Here MySQL chooses an index on groupid (incorrect). However, we have "order by cnt" clause in the query - in this situation mysql will have to perform a full table scan and filesort (see Extra field).

mysql> explain select groupid, count(wordid) as cnt from t1 where wordid=4703 group by groupid order by cnt desc\G
*************************** 1. row ***************************
           id: 1
  select_type: SIMPLE
        table: t1
         type: ref
possible_keys: PRIMARY
          key: PRIMARY
      key_len: 4
          ref: const
         rows: 558642
        Extra: Using where; Using index; Using temporary; Using filesort
1 row in set (0.00 sec)

If we do not have a LIMIT mysql chooses index on PRIMARY (correct)

mysql> explain select groupid, count(wordid) as cnt from t1 where wordid=4703 group by groupid  limit 10\G
*************************** 1. row ***************************
           id: 1
  select_type: SIMPLE
        table: t1
         type: index
possible_keys: PRIMARY
          key: groupid
      key_len: 4
          ref: NULL
         rows: 50
        Extra: Using where; Using index
1 row in set (0.00 sec)

if we have no "order by", mysql will use groupid with no filesort and temporary table (correct).

Speed comparison:

mysql>  select groupid, count(wordid) as cnt from t1 where wordid=4703 group by groupid order by cnt desc limit 10;
+---------+-----+
| groupid | cnt |
+---------+-----+
|     350 |  62 |
|     530 |  62 |
|     522 |  60 |
|     361 |  59 |
|     791 |  57 |
|     676 |  57 |
|     242 |  56 |
|     508 |  55 |
|     446 |  55 |
|     289 |  55 |
+---------+-----+
10 rows in set (0.40 sec)

mysql>  select groupid, count(wordid) as cnt from t1 use index (PRIMARY) where wordid=4703 group by groupid order by cnt desc limit 10;
+---------+-----+
| groupid | cnt |
+---------+-----+
|     530 |  62 |
|     350 |  62 |
|     522 |  60 |
|     361 |  59 |
|     676 |  57 |
|     791 |  57 |
|     242 |  56 |
|     446 |  55 |
|     289 |  55 |
|     677 |  55 |
+---------+-----+
10 rows in set (0.28 sec)

How to repeat:
Table data attached
Please see explains and sql queries above.

Suggested fix:
Fix the optimizer, so it will choose the correct index when doing "order by <func>"
[13 Jan 2009 23:12] Alexander Rubin
Uploaded ftp.mysql.com/pub/mysql/upload/t1.sql.gz
[14 Jan 2009 5:16] Valeriy Kravchuk
Thank you for a problem report. 

Why do you think this is a regression? What exact previous version that worked properly you had identified?
[14 Jan 2009 14:51] Alexander Rubin
Valeriy, here is the same query in MySQL 5.0.67:

Welcome to the MySQL monitor.  Commands end with ; or \g.
Your MySQL connection id is 3
Server version: 5.0.67 MySQL Community Server (GPL)
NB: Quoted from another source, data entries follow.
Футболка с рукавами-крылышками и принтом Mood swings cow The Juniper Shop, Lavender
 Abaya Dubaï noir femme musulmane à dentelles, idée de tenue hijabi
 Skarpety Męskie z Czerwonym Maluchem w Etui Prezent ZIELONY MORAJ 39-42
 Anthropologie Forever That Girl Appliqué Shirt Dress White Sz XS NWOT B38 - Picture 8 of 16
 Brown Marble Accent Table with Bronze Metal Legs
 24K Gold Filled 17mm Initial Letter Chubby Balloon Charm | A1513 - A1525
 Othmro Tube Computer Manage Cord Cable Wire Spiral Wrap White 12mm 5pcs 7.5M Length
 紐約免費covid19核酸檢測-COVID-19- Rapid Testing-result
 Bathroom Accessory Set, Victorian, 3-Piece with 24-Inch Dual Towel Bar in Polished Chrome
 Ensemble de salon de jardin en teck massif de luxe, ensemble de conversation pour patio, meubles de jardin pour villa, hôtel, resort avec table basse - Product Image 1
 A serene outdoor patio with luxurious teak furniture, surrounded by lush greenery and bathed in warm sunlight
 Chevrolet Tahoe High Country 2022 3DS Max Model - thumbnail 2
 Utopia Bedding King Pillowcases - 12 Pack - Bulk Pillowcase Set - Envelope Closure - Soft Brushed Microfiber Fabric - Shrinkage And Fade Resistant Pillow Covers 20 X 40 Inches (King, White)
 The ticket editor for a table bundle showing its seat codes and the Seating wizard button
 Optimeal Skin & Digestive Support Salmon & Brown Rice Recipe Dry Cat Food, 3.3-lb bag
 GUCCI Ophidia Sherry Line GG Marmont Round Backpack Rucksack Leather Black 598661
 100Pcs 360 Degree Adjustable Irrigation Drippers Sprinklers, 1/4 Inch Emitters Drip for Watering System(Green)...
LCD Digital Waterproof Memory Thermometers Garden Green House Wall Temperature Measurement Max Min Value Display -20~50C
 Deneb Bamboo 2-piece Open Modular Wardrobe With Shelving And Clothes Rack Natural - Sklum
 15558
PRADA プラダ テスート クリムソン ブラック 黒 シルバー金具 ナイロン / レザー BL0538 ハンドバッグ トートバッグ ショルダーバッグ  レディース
Type 'help;' or '\h' for help. Type '\c' to clear the buffer.

mysql> explain select groupid, count(wordid) as cnt from t1 where wordid=4703 group by
    -> groupid order by cnt desc limit 10\G
*************************** 1. row ***************************
           id: 1
  select_type: SIMPLE
        table: t1
         type: ref
possible_keys: PRIMARY
          key: PRIMARY
      key_len: 4
          ref: const
         rows: 301926
        Extra: Using where; Using index; Using temporary; Using filesort
1 row in set (0.00 sec)

So it chooses the right index in MySQL 5.0 and wrong in MySQL 5.1 for the same query.
[3 Jun 2009 22:40] Josh Orr
I just wanted to mention that I ma having this same exact problem.  In my case, I order by the Primary key and in mysql 5.0 it uses the right index to restrict the result set before ordering the result.  But in 5.1, it now does a full table scan (due to it using the primary key as the index to use) and filtering the result set.  I think it does this so it can read the rows in the order that it needs to sort it by, but the result is it going though 7 million rows instead of 45 rows.  As you can imagine, it is order's of magnitude slower. 

In the examples below, packageID is the primary key, and batchID has an index on it.  On mysql 5.0, the execution plain are the same for both (they both use the batcHID index).

Some basic examples executed with mysql 5.1:

This one takes 13.54  seconds to execute:
EXPLAIN SELECT packageID, Zip FROM packages WHERE batchID = 0 ORDER BY packageID;
                  id: 1
  select_type: SIMPLE
             table: packages
              type: index
possible_keys: batchID
               key: PRIMARY
        key_len: 4
                ref: NULL
            rows: 7763865
            Extra: Using where

This one takes .04 seconds to execute:

EXPLAIN SELECT packageID, Zip FROM packages WHERE batchID = 0 ORDER BY packageID;
                  id: 1
  select_type: SIMPLE
             table: packages
              type: ref
possible_keys: batchID
               key: batchID
        key_len: 8
                ref: const
            rows: 14046
            Extra:
[4 Jun 2009 23:25] Josh Orr
Sorry, I pasted in the wrong query.  The second query should read like this:

EXPLAIN SELECT packageID, Zip FROM packages WHERE batchID = 0;

It's the same query, except without the order by.
[12 Jul 2010 11:01] Tomer Ratz
I ran across the same issue, on support Issue #49091.
The wrong index is chosen, and a full table scan is being performed.
[9 Sep 2010 12:38] Andrii Nikitin
bug #50394 may explain reasons for this bug, or at least related
[8 Nov 2011 13:12] Jochen Riehm
We are frequently experiencing this problem as well. Is there any more global workaround besides adding USE INDEX to every problematic query?